Most of the objecting Us were 40 or older. They certainly had participated in primaries numerous times before. All of us working the poll were surprised and amused at how widespread the confusion was. In fact, in my clerk’s book that goes back to the city Election Department, I asked whether this suggested a need for more voter education on this matter before the next primary.
A typical dialog would be:
Inspector: You are unenrolled. Which ballot would you like, Democratic, Republican or Libertarian?
Voter: I’m an independent.
Inspector: Yes and you have the choice of any of the three ballots. Would you like, Democratic, Republican or Libertarian?
Voter: (angrily) I don’t have to tell you who I’m voting for!

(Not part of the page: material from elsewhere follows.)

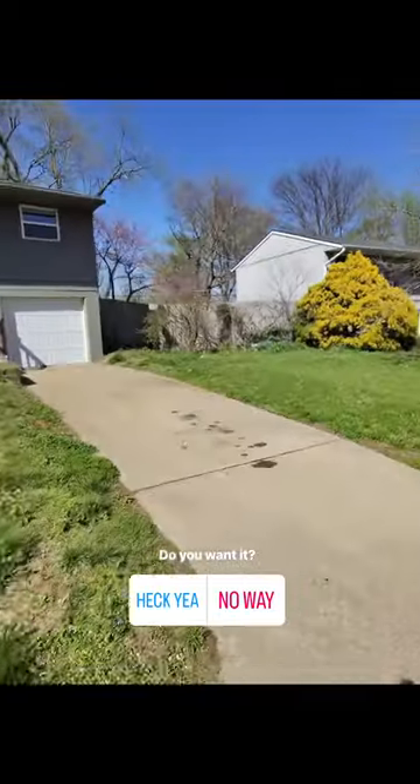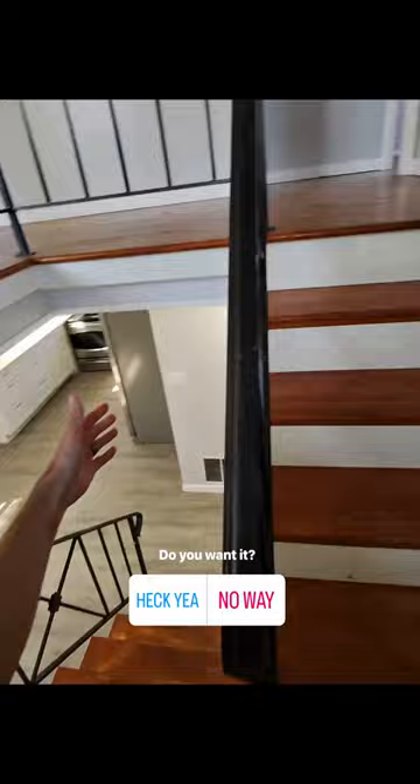$195,000 in Independence, Missouri. Let's go take a look — split entry. Looks like we got a kitchen downstairs, living room upstairs, kitchen and dining room area. This is great.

Inspector: That’s true, but you do have to decide for today’s primary which party ballot you want.
Voter: (raising voice) No, I’m an independent!
With some voters. this continued for several iterations. Some were placated when they examined all three ballots and almost invariably were happy with the Democratic one. Many asked how they could revert to independent as they called it after voting a ballot. They were unaware that the ballots were not associated with their names and usually they needed to hear twice that they remained unenrolled on the list unless they filled in and returned a voter registration card affiliating with a party.
The pride so many U voters showed in claiming to be independents was stereotypical New England. Hedging your bets is also more generally American. Yet, the primary process should not seem so esoteric to so many.
Yesterday, everyone eventually got it. Some had tostand to the side of the check-in table to keep from blocking the queue while they examined all three ballots. In the end though, everyone chose one of the three ballots.
No doubt they’ll feel better voting in the January 19th special election final. Everyone will get the single ballot with the Democratic and Republican candidates listed and an oval/space for write-in option.